In his five-plus seasons at Florida, Urban Meyer has made it obvious that his goal has been to make Florida the fastest and most athletic team in the country. So far, Meyer has made good on that promise and it appears that his latest classes won’t be any different. Though Meyer has only gotten verbals from two players — A.C. Leonard (Interlachen) and De’Ante “Pop” Saunders (Deland) — both are expected to be two of the top athletes in the state of Florida.
Leonard might be one of the more special players in this year’s class. At 6-foot-2, 232 pounds, Leonard is expected to come in as a tight end and analysts are always referring to him as an athletic freak. He recently performed at the Badger Sports Elite 7-on-7 in Tampa over the weekend and word is that he was one of the best, if not the best, of the bunch down there. Eleven teams competed in the tournament, but according to Rivals.com Recruiting Analyst Barton Simmons, Leonard powered his Jacksonville-based Pro Impact team to a championship.
Simmons said Leonard, who could be considered undersized at tight end, was the top performer at the tournament. He described Leonard as being able to “literally run through” defenders that were “crawling all over him.” Simmons also said that Leonard made every play he had to to will his team to victory after victory over the weekend, helping him garner MVP honors.
“A.C. was the most dominating player in a loaded event,” Simmons said. “He’s so strong, runs good routes and he has incredibly soft hands. Essentially, he carried his team to thechampionship as a guy that could make a play even if everyone in the city knew the ball was going his way.”

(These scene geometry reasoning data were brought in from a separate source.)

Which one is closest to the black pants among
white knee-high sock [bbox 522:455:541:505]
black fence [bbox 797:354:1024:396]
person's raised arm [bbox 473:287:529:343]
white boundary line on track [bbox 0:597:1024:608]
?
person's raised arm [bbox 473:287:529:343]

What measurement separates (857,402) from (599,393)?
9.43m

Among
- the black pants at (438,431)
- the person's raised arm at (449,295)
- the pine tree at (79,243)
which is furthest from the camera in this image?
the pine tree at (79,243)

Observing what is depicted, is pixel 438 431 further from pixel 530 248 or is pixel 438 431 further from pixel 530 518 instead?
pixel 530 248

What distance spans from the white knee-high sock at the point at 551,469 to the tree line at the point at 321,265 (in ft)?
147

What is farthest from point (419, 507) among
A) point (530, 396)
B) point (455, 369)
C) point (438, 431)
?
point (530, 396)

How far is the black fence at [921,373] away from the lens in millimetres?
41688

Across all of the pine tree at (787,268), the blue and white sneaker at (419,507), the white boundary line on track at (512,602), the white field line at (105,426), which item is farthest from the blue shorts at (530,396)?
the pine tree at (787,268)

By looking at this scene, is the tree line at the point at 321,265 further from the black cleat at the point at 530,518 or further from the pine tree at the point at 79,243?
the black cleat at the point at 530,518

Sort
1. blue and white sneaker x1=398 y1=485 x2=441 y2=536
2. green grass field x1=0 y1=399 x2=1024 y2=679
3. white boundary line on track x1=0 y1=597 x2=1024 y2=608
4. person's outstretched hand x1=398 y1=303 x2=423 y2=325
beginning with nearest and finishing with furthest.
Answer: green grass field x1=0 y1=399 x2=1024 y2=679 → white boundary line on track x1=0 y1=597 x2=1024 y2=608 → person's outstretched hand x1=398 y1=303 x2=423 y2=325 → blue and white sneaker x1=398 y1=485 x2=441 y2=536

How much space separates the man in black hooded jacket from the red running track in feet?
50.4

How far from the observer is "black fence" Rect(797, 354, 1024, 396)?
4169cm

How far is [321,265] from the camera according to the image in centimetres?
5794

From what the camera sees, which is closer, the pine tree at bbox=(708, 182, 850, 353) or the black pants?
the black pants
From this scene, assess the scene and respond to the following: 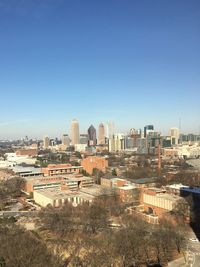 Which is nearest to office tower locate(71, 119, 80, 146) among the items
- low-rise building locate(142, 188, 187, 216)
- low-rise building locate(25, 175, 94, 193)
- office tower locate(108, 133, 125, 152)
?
office tower locate(108, 133, 125, 152)

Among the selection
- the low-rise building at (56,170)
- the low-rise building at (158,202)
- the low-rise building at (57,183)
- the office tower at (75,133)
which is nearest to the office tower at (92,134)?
the office tower at (75,133)

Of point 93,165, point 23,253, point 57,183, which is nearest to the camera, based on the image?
point 23,253

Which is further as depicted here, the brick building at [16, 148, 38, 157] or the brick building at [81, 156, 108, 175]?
the brick building at [16, 148, 38, 157]

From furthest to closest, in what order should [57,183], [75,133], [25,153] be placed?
[75,133] < [25,153] < [57,183]

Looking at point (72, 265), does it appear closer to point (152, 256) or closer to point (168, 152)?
point (152, 256)

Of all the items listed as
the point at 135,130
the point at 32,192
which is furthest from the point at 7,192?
the point at 135,130

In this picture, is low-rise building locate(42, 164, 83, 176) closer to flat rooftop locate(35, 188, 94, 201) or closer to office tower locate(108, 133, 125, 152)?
flat rooftop locate(35, 188, 94, 201)

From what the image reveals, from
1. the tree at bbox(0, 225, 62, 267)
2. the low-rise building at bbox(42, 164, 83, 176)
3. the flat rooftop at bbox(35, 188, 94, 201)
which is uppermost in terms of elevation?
the low-rise building at bbox(42, 164, 83, 176)

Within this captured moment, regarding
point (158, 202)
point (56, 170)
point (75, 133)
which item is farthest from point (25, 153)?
point (158, 202)

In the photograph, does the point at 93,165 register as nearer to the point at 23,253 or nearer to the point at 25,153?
the point at 23,253

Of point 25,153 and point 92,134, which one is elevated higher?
point 92,134

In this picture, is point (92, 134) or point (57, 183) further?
point (92, 134) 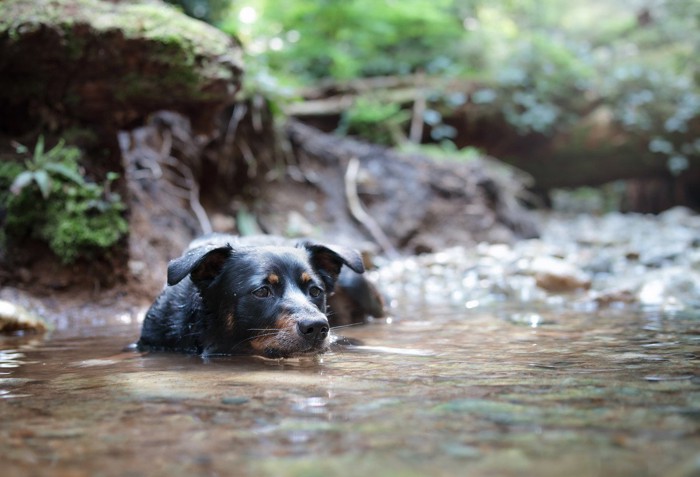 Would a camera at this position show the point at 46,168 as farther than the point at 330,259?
Yes

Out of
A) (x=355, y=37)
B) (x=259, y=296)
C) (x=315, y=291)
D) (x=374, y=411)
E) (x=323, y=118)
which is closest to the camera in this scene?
(x=374, y=411)

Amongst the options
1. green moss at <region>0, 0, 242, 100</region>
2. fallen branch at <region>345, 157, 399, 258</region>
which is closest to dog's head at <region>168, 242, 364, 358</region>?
green moss at <region>0, 0, 242, 100</region>

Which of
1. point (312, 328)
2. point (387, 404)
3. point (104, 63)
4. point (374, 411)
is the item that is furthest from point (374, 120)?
point (374, 411)

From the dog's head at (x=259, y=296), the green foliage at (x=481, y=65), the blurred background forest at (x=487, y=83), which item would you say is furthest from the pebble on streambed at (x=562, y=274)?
the green foliage at (x=481, y=65)

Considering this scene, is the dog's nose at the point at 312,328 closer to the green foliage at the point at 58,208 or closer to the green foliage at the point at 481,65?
the green foliage at the point at 58,208

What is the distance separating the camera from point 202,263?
14.2 feet

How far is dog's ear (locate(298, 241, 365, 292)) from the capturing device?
4.50m

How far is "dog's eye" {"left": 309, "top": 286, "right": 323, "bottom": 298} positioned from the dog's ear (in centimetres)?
26

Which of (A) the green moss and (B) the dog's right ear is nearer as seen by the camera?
(B) the dog's right ear

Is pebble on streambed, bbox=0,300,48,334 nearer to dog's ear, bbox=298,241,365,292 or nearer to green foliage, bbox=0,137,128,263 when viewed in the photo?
green foliage, bbox=0,137,128,263

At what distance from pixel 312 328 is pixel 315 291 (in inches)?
27.3

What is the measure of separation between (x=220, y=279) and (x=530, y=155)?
13650 millimetres

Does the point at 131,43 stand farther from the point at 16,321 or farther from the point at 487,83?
the point at 487,83

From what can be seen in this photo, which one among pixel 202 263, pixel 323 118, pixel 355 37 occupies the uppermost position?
pixel 355 37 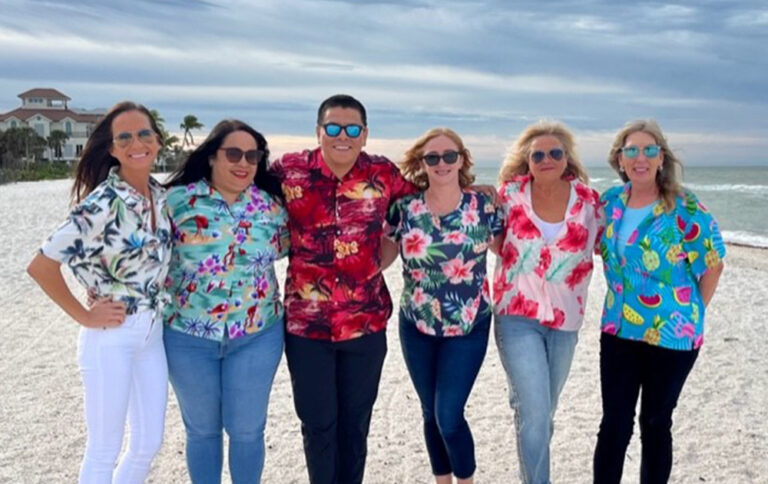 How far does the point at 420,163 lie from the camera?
4.16 meters

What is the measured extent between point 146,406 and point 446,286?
5.72 ft

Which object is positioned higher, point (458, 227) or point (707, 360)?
point (458, 227)

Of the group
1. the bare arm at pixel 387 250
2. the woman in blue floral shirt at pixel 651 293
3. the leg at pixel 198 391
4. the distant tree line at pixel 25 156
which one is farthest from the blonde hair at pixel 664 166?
the distant tree line at pixel 25 156

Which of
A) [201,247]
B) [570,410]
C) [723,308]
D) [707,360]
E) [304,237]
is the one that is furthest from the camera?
[723,308]

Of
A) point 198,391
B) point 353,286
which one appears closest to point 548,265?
point 353,286

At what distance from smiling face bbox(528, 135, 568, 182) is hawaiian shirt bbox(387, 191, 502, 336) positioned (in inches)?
15.4

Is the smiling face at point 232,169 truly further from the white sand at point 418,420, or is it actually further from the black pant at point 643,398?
the white sand at point 418,420

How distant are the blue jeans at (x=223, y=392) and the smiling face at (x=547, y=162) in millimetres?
1777

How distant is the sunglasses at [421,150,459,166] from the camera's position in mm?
3937

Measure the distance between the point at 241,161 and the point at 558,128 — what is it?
6.43 feet

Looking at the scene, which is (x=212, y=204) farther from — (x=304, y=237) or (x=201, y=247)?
(x=304, y=237)

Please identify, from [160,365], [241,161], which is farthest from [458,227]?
[160,365]

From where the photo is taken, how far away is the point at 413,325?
3.99m

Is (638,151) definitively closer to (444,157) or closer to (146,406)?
(444,157) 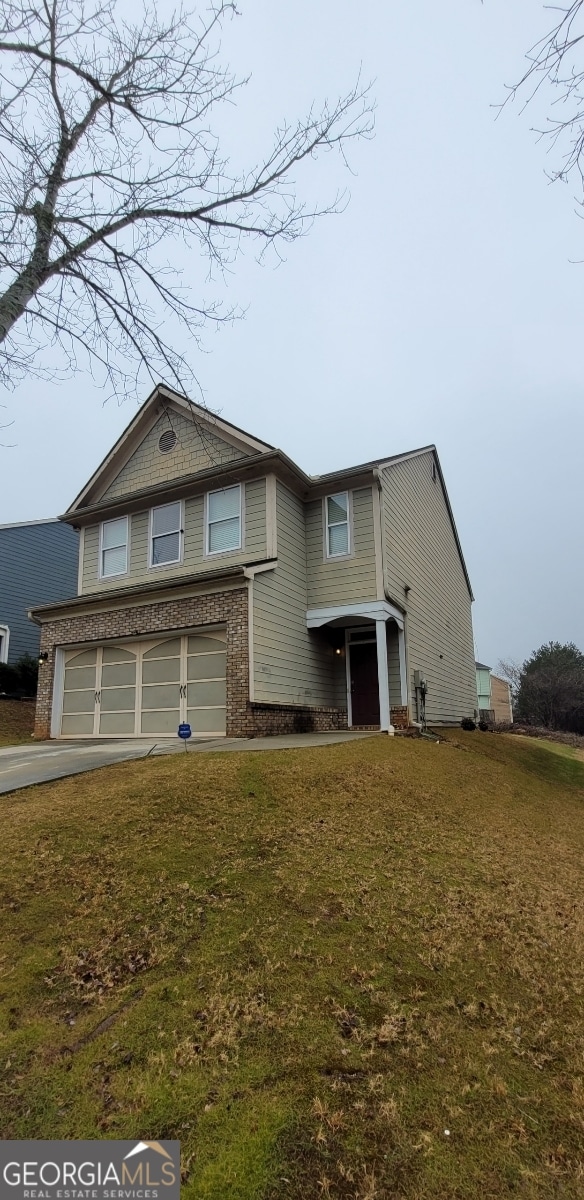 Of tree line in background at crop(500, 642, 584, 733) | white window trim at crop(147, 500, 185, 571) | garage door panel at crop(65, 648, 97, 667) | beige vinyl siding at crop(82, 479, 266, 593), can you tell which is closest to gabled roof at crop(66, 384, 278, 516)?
beige vinyl siding at crop(82, 479, 266, 593)

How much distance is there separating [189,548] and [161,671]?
3.00m

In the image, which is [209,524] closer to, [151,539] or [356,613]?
[151,539]

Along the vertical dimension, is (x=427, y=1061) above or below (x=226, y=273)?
below

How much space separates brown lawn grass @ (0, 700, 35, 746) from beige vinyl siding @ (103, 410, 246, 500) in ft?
21.5

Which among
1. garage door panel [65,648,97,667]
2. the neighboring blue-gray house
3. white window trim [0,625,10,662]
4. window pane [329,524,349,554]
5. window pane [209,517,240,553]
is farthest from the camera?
the neighboring blue-gray house

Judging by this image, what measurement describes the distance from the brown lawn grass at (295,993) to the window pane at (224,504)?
824cm

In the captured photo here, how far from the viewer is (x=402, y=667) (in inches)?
553

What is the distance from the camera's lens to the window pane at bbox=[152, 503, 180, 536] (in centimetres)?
1459

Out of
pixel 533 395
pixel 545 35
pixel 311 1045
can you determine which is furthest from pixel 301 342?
pixel 311 1045

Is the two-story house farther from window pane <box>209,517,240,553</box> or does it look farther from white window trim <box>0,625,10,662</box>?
white window trim <box>0,625,10,662</box>

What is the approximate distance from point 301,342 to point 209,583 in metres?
4.84

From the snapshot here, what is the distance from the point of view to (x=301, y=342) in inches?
444

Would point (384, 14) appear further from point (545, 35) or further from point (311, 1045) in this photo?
point (311, 1045)

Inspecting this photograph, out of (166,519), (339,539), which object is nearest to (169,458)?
(166,519) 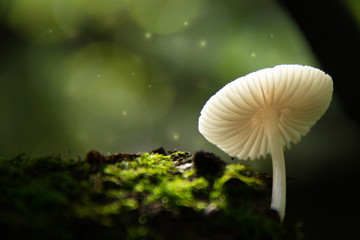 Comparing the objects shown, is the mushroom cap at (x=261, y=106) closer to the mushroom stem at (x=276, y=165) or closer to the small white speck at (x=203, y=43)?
the mushroom stem at (x=276, y=165)

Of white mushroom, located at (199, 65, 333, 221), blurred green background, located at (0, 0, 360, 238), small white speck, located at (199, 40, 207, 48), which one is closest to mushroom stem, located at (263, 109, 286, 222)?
white mushroom, located at (199, 65, 333, 221)

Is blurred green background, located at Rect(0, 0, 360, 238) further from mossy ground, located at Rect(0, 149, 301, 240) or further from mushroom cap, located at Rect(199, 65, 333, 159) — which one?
mossy ground, located at Rect(0, 149, 301, 240)

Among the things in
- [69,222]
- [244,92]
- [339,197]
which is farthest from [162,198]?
[339,197]

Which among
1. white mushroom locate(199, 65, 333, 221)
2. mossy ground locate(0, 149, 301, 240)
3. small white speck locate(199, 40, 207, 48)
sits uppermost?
small white speck locate(199, 40, 207, 48)

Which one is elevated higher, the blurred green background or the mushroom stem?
the blurred green background

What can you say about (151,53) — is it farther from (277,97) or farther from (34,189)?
(34,189)

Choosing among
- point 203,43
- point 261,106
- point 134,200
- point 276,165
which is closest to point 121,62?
point 203,43

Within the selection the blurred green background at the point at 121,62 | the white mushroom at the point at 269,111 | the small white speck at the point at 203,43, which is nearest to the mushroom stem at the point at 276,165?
the white mushroom at the point at 269,111
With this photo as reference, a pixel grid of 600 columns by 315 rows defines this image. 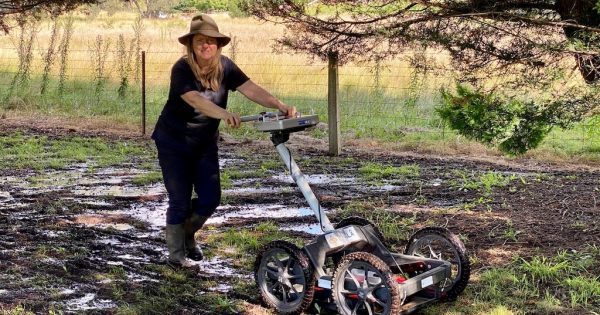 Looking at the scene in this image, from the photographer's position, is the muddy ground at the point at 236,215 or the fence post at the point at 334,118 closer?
the muddy ground at the point at 236,215

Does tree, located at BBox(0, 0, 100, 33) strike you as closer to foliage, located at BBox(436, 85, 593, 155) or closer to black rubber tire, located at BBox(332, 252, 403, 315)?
Result: foliage, located at BBox(436, 85, 593, 155)

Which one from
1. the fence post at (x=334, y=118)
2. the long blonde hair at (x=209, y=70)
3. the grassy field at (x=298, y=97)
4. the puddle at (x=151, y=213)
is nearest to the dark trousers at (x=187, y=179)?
the long blonde hair at (x=209, y=70)

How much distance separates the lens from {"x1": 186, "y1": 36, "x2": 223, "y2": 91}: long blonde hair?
16.2ft

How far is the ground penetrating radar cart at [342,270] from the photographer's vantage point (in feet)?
13.6

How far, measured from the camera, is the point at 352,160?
9.79 meters

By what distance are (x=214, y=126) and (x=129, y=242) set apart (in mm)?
1325

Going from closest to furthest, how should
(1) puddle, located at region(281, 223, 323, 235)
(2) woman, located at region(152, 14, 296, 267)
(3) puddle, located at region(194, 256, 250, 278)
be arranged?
1. (2) woman, located at region(152, 14, 296, 267)
2. (3) puddle, located at region(194, 256, 250, 278)
3. (1) puddle, located at region(281, 223, 323, 235)

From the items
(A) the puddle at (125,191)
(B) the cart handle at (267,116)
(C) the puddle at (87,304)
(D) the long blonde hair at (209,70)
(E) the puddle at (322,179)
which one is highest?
(D) the long blonde hair at (209,70)

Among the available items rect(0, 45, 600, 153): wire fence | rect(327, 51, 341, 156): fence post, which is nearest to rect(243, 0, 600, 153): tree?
rect(327, 51, 341, 156): fence post

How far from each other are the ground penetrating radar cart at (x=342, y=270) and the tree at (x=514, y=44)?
115 centimetres

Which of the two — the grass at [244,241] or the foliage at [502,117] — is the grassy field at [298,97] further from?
the foliage at [502,117]

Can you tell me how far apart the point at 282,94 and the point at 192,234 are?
31.7 feet

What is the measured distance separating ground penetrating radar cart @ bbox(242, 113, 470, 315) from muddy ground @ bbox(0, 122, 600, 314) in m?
0.28

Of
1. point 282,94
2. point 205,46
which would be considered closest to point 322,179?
point 205,46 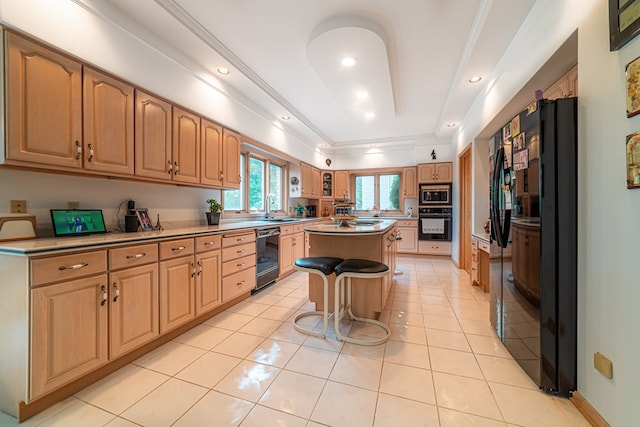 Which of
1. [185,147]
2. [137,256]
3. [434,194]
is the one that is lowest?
[137,256]

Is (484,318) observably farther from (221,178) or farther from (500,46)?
(221,178)

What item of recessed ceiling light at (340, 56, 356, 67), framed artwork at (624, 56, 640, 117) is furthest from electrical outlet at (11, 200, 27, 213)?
framed artwork at (624, 56, 640, 117)

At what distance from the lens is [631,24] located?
3.51 feet

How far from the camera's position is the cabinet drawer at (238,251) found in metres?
2.70

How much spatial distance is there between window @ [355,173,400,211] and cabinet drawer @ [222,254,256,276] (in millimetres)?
4245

This performance should only help increase Leonard’s popularity throughout the recruiting world. Leonard showed that he can compete with some of the best players in the state over the weekend and currently has offers from Miami, Florida International and Central Florida. While he’s committed to Florida, Leonard is still open to listening to other schools and currently has interest in Alabama, North Carolina and South Carolina.